- [PROBLEM] In the entries below, find the line with "Page D Diagram" and the line with "Women's Pinnacle Performance". Repeat exactly everything between them, those two lines included, but not the pictures.

- [DATASET RECORDS]

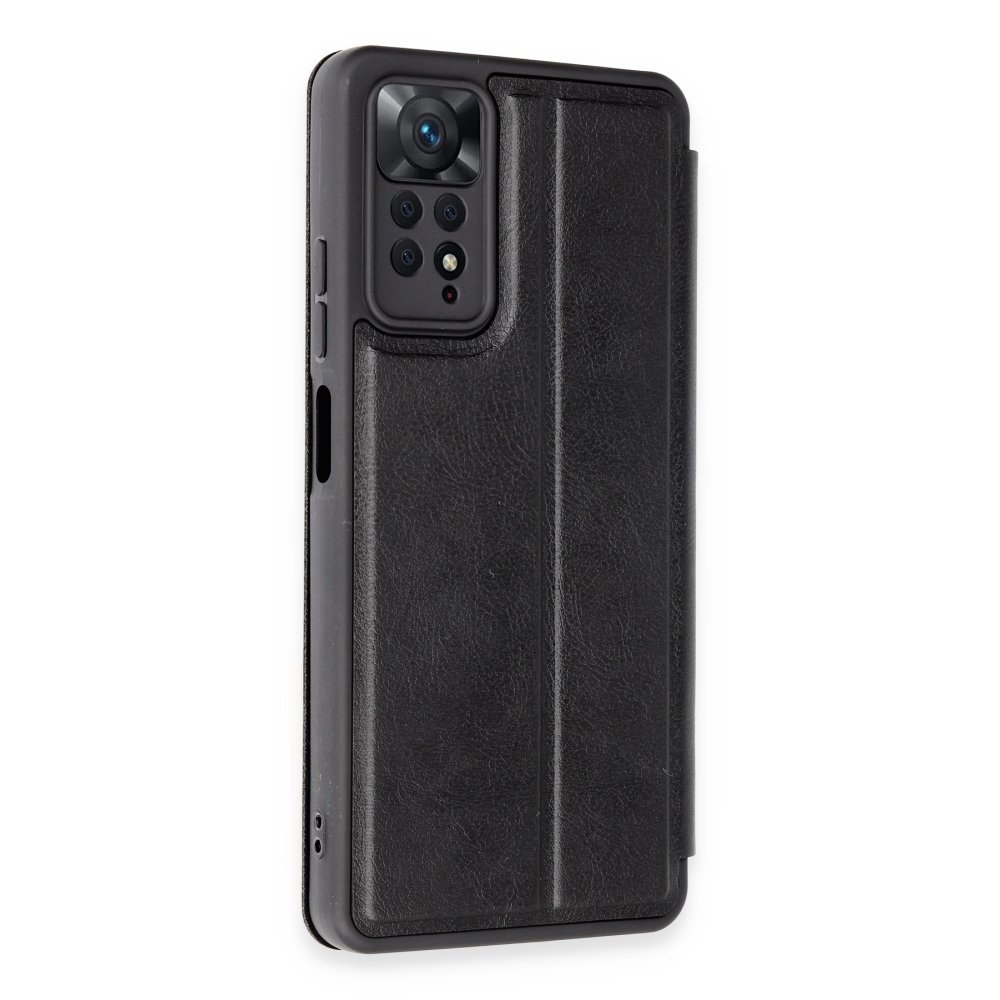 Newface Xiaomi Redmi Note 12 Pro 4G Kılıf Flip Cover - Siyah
* * *
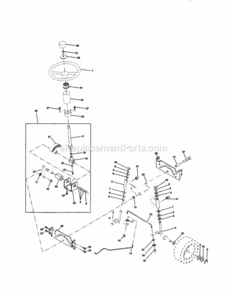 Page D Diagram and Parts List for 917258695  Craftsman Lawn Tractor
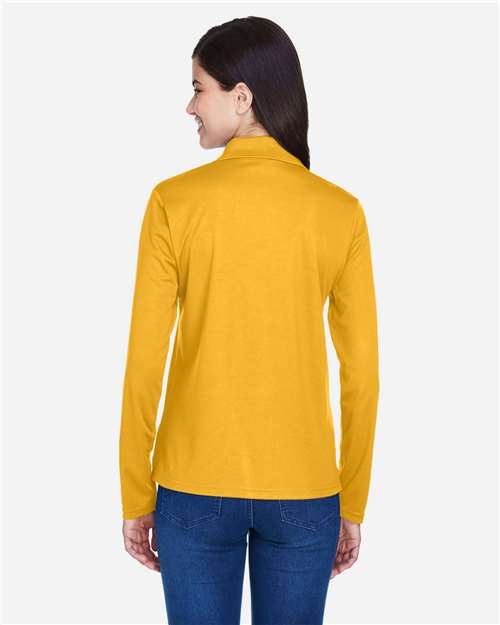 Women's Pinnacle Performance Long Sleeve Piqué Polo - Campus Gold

- [FINISHED TASK]
 Page D Diagram and Parts List for 917258695  Craftsman Lawn Tractor
 Women's Pinnacle Performance Long Sleeve Piqué Polo - Campus Gold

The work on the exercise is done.